So, I've been hearing a lot about the awesomeness of Solomonoff induction, at least as a theoretical framework. However, my admittedly limited understanding of Solomonoff induction suggests that it would form an epicly bad hypothesis if given a random string. So my question is, if I misunderstood, how does it deal with randomness? And if I understood correctly, isn't this a rather large gap?
Edit: Thanks for all the comments! My new understanding is that Solomonoff induction is able to understand that it is dealing with a random string (because it finds itself giving equal weight to programs that output a 1 or a 0 for the next bit), but despite that is designed to keep looking for a pattern forever. While this is a horrible use of resources, the SI is a theoretical framework that has infinite resources, so that's a meaningless criticism. Overall this seems acceptable, though if you want to actually implement a SI you'll need to instruct it on giving up. Furthermore, the SI will not include randomness as a distinct function in its hypothesis, which could lead to improper weighting of priors, but will still have good predictive power -- and considering that Solomonoff induction was only meant for computable functions, this is a pretty good result.
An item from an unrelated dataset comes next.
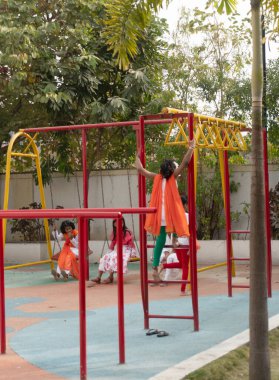 children playing on the colorful playground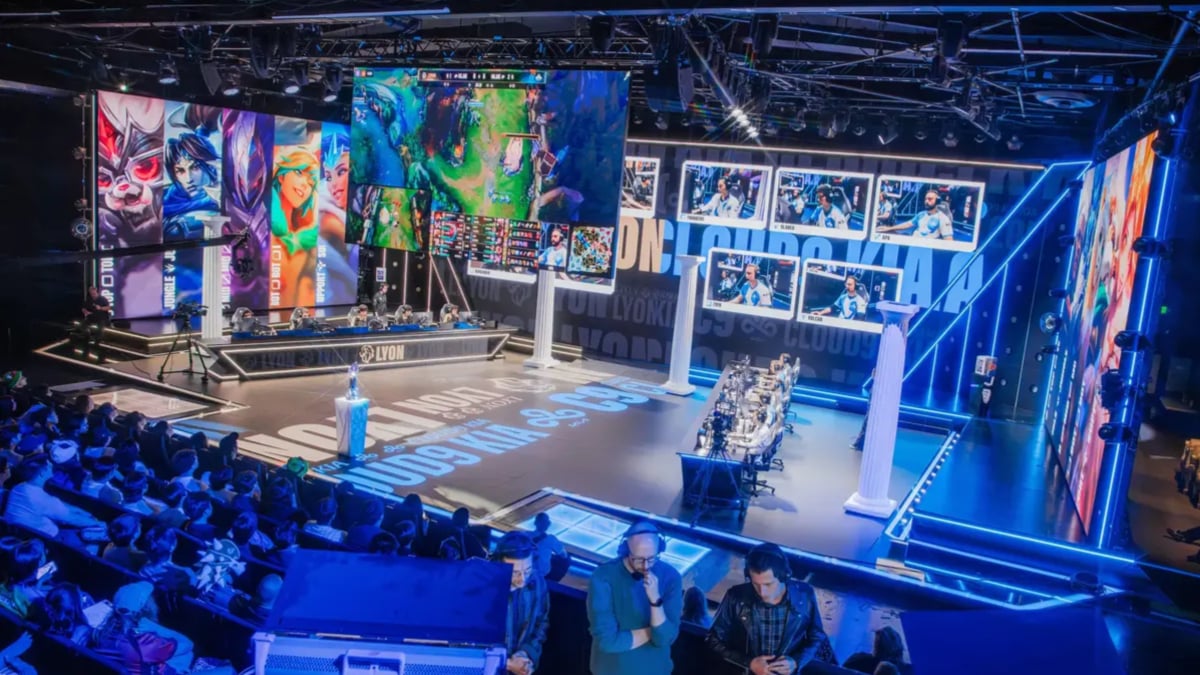 League of Legends esports stage with players and audience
A truly perfectly random string isn't really interesting because nothing predicts it. So I'm going to talk about biased randomness.
I'm also going to assume we're working with the "outputs a single prediction" variant of Solomonoff Inductors, instead of the ones that output probability distributions (where the answer is kind of clearly "Yes they deal with it"). Oh, and I should note that Solomonoff Inductors are hilariously intractable, and unfortunately Cartesian in their workings.
With that aside...
Suppose you generate a random string by rolling a die and recording "Off" when it comes up 1, and "On" when it comes up 2,3,4,5, or 6. How well will a Solomonoff Inductor predict this sequence?
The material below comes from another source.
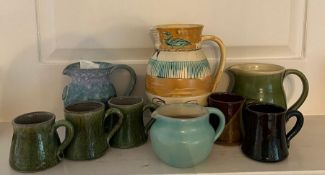 A selection of Studio pottery to include jugs and cups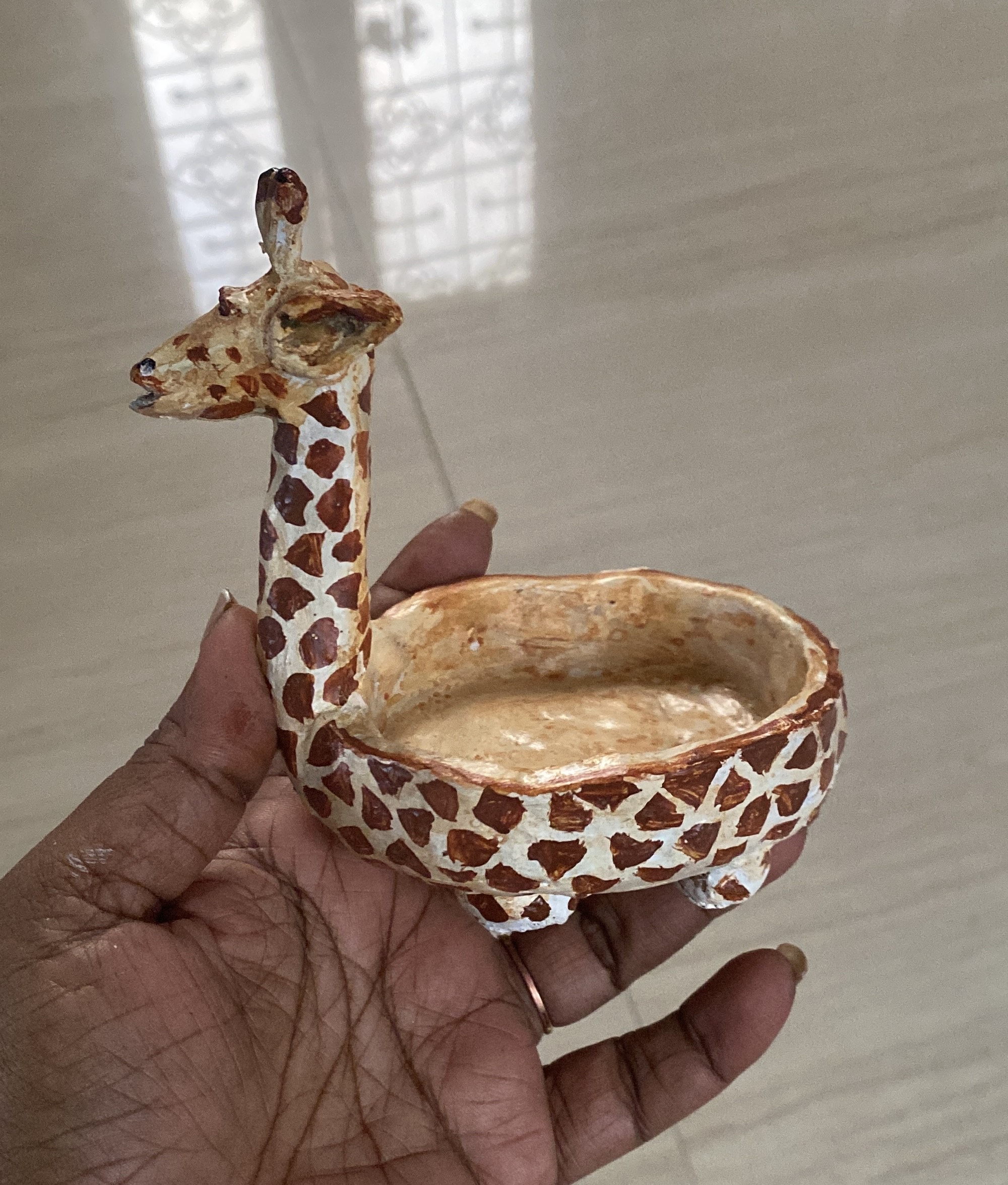 Handcrafted Giraffe - Reaching new heights with clay, one spot at a time. Created with love and attention to detail.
The thing to notice is that although the input is not algorithmic, it is compressible. Because "On" is so much more likely than "Off", we can save space by using shorter encodings for strings like "On On On" than for "Off Off Off". In fact, by using Arithmetic Coding, we can re-encode our sequences to use only 65% as many On/Off characters (on average).
When you do Solomonoff Induction, the next prediction is dominated by the shortest programs that haven't been eliminated. What will these programs look like in the case of our biased sequence? They will be a compressed encoding of the sequence, alongside a decoder. The encoding schemes that best match the input will dominate the predictions, and these will be the ones that model it as a biased random sequence and assume the right probability (like a well tuned arithmetic coder).
What do you get when you look at an arithmetic coder's next output, giving it a perfectly random input if it needs more data before producing another output? You get a biased random value. In our case it will be "On" about 5/6 of the time, and "Off" 1/6 of the time.
So, when the Solomonoff Inductor looks at the next output when making a prediction... a whole bunch of the shortest programs are outputting "On" 5/6 of the time and "Off" 1/6 of the time. Which will push the predictions towards the right probabilities! Instead of a single program determining the prediction, we get a huge group of programs working together to push the prediction in the right direction.
There will still be skew in the results. It's not hard to come up with program encodings that strongly favor "Off", for example. Nevertheless, there is at least some built-in functionality for dealing with randomness.
What do you mean? If you feed SI a stream of i.i.d. random bits which are 1 with probability 5/6 and 0 with probability 1/6, then SI's beliefs about the next bit will converge to the true distribution pretty fast, no matter what encoding of programs is used. The easiest way to see that is by noticing that the true distribution is computable (which just means the probability of any bit string is computable from that bit string), therefore it can't get a higher log score than SI in the long run (there's a general result saying that).